Gain a complete understanding of how to properly execute your tithing, from initial considerations to accurate financial management.
Tithing is a voluntary financial contribution, often directed towards religious or charitable organizations. This practice involves giving a portion of one’s resources to support the operations and outreach efforts of these groups. It is a demonstration of commitment and stewardship, foundational to many faith-based communities.
Tithing generally involves contributing one-tenth of an individual’s income or financial increase. This concept is often rooted in historical and religious texts.
Interpretations of what constitutes ‘income’ or ‘increase’ for tithing purposes can vary among religious organizations. Some consider gross income, representing total earnings before any deductions, as the basis for calculation. Others might focus on net income, which is the amount remaining after taxes, insurance premiums, or retirement contributions are withheld.
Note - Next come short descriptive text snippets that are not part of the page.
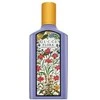Kvepalai moterims Gucci Flora Gorgeous Magnolia EDP, 100 ml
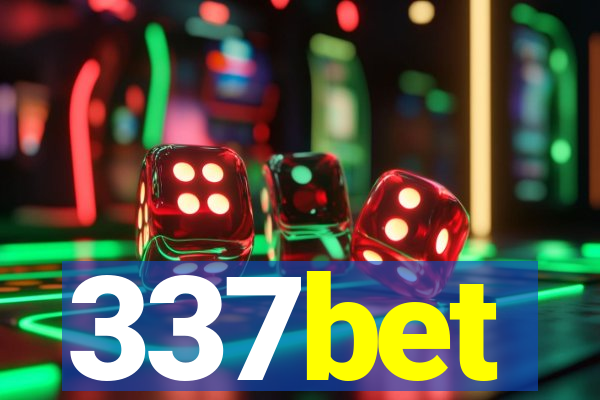 337bet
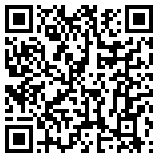 QR Code for Northern Ready Mix in Fulton, NY 13069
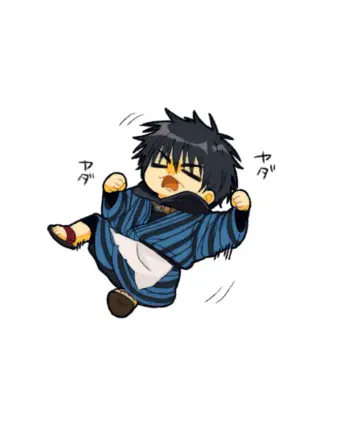 無題190_20251018232505.jpeg.webp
Common income types for tithing include wages, salaries, business profits, investment dividends, interest, and rental income. The inclusion of gifts, inheritances, or one-time financial windfalls can differ, with some viewing any financial increase as subject to tithing.
Tithing is calculated by applying a chosen percentage, commonly ten percent, to an individual’s income. For employed individuals, tithing is typically calculated from the ‘Gross Pay’ amount on a paystub, representing total earnings before deductions. This approach aligns with the concept of giving from the ‘firstfruits’ or the entirety of one’s financial blessings.
For example, if a bi-weekly gross salary is $2,000, a ten percent tithe would be $200 for that pay period. Bonuses, commissions, and other forms of compensation should also be included in the gross income calculation.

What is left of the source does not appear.